To overcome the limitations of above methods, we investigated the effect of ground blowing on wake vortex dissipation. As an active flow control method, this strategy is able to reduce the lifespan of the IGE wake vortex without affecting flight safety. Numerical simulations indicated that although the direct effect of the blowing airflow on the vortices is limited, the starting vortex produced by the blowing air can develop into a hairpin vortex, inducing the interference between the primary and secondary vortices, and thus accelerating the wake dissipation [18]. Further, we have also investigated the blowing effect in crosswind conditions and screened for optimal blowing parameters [19].

Although increasing the blowing zone area and blowing velocity improves the blowing effect, maintaining a large flow rate consumes a huge amount of energy. With restrictions to the blowing flux and blowing zone area, a better choice—and the aim of this study—is to find a set of blowing zone parameters that can best enhance the wake decay through the blowing process. Since there is no analytical function between the blowing parameters and blowing effect, it is difficult to find an explicit optimal solution. On this basis, a surrogate model was adopted to approximate the relationship between blowing parameters and blowing effect. Different blowing aspect ratios and positions were tested. A rich number of sample points were used to establish the response surface, so that the optimal design of the blowing parameters could be estimated.

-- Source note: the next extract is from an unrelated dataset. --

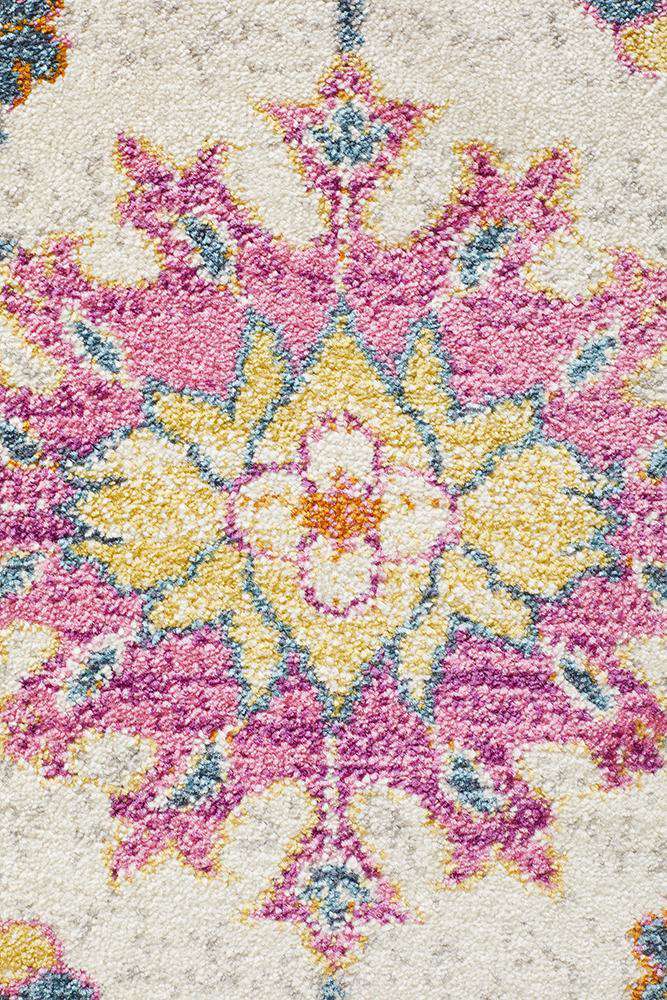 Rug Culture RUGS Marigold Transitional Round Rug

The structure of this paper is as follows: the first section introduces the research background; the second section introduces the numerical method adopted, the third section introduces and validates the surrogate optimization method; the fourth section demonstrates the optimization results; the fifth section presents the optimization settings for different aircraft types, and the final section is the summary.

Numerical Backgrounds

Turbulence Modelling

The numerical simulation in this paper was conducted by solving the incompressible Navier-Stokes equation. The finite volume method was used for spatial discretization. In order to capture the eddies in the flow, the Large Eddy Simulation (LES) method was used for turbulence modelling. The filtered incompressible Navier-Stokes equation can be written as Equations 1, 2:

where $x_i$ and $u_i$ represent the coordinates and the corresponding velocity components in the Cartesian coordinate system, respectively; $p$, $\rho$, $t$, and $\nu$ represent the pressure, density, time, and kinematic viscosity (molecular kinematic viscosity), respectively. ${\overline{\tau }}_{ij}={\overline{u}}_i{\overline{u}}_j-\overline{u_i{u}_j}$ is the sub-grid stress. It could be modelled as ${\overline{\tau }}_{ij}=2{\nu }_t{\overline{S}}_{ij}-\frac{1}{3}{\overline{\tau }}_{kk}{\delta }_{ij}$, where ${\nu }_t$ is the sub-grid viscosity and ${\overline{S}}_{ij}=\frac{1}{2}\left(\frac{\partial {\overline{u}}_i}{\partial x_j}+\frac{\partial {\overline{u}}_j}{\partial x_i}\right)$. Note that $\nu =0.023{\mathrm{m}}^2/\mathrm{s}$ (${Re}_{\mathrm{\Gamma },\mathrm{A}340}={\mathrm{\Gamma }}_0/\nu =23144$) was adopted in this study to allow a wall-resolved LES simulation. An existing study has proven that no significant distinction exists between wake decay mechanism at ${Re}_{\mathrm{\Gamma }}=23144$ and in real flight [15]. The sub-grid viscosity mentioned in ${\overline{\tau }}_{ij}$ was solved using the dynamic Smagorinsky-Lilly sub-grid model [20]. Specifically, the local Smagorinsky coefficients were obtained by spatially averaging over the considered cell and its neighboring cells during the computation.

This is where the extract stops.